2. Another recent review concluded that the timing of antipyretic administration was key, because no effect on the antibody response was seen when antipyretics were given as a treatment for symptoms (rather than for prevention of symptoms) after vaccination
3. Because of the need to balance reactogenicity with the potential effect of prophylactic paracetamol on immunogenicity, there are only few vaccines for which prophylactic administration of paracetamol to prevent symptoms is currently actively recommended, usually in situations when different pyrogenic vaccines are co-administered, which results in an additive effect on the incidence of fever. Currently this includes co-administration of Infanrix hexa (GSK) and pneumococcal conjugate vaccines, Infanrix hexa with MMRV vaccines, and of the 4-component meningococcal serogroup B vaccine with routine vaccines.
1. Vaccines, irrespective of their composition, induce some level of inflammation at the injection site within the first hours after their administration which is likely to contribute to causing pain, redness and swelling symptoms.
2. Release of pyrogenic factors into the systemic circulation is thought to stimulate a cascade of immune and nervous system cross-talk that can lead to systemic ‘influenza-like’ symptoms including raised body temperature.
3. There is growing evidence of general associations between systemic inflammatory mediators and systemic symptoms after vaccination.
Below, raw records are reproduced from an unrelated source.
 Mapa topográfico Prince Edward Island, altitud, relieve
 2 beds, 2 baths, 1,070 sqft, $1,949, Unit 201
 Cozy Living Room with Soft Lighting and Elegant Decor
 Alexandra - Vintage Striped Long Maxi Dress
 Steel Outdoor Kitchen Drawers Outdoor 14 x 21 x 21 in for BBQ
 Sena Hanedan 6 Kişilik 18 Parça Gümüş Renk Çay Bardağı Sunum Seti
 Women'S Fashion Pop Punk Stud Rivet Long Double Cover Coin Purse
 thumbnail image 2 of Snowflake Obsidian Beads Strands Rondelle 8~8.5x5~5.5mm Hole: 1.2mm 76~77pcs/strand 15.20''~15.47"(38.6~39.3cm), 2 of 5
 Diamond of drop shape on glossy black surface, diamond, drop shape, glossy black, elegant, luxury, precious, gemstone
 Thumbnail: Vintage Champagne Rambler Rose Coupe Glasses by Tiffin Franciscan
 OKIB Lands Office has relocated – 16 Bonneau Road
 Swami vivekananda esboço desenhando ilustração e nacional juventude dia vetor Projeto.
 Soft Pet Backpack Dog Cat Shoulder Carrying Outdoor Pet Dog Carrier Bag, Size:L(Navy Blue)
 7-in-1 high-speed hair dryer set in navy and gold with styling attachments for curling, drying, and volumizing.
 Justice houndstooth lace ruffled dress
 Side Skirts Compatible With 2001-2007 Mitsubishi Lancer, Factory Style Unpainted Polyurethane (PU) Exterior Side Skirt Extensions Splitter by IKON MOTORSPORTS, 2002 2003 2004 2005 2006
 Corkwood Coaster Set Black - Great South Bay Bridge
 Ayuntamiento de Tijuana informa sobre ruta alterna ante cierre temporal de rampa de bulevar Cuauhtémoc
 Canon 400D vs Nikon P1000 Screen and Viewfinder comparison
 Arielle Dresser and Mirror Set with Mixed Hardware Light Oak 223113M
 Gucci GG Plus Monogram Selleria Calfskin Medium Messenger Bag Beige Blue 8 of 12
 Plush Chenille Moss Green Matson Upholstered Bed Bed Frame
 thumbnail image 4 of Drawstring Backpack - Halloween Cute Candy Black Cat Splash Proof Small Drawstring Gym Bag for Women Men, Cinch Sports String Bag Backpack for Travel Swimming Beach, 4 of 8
However, no single biomarker of systemic reactogenicity has been identified, but rather a composite of biomarkers; in particular, IL-6, CRP, and for highly immunogenic products, the IFN-signalling pathway, appear to be linked to systemic reactogenicity.
4. To date, it is unknown whether the specific molecular pathways that cause symptoms are independent from pathways involved in the generation of antigen-specific response.
5. Older people display lower systemic levels of IL-6, IL-10 and CRP after vaccination,34 which could contribute to their tendency to report fewer systemic AEs, in particular fever.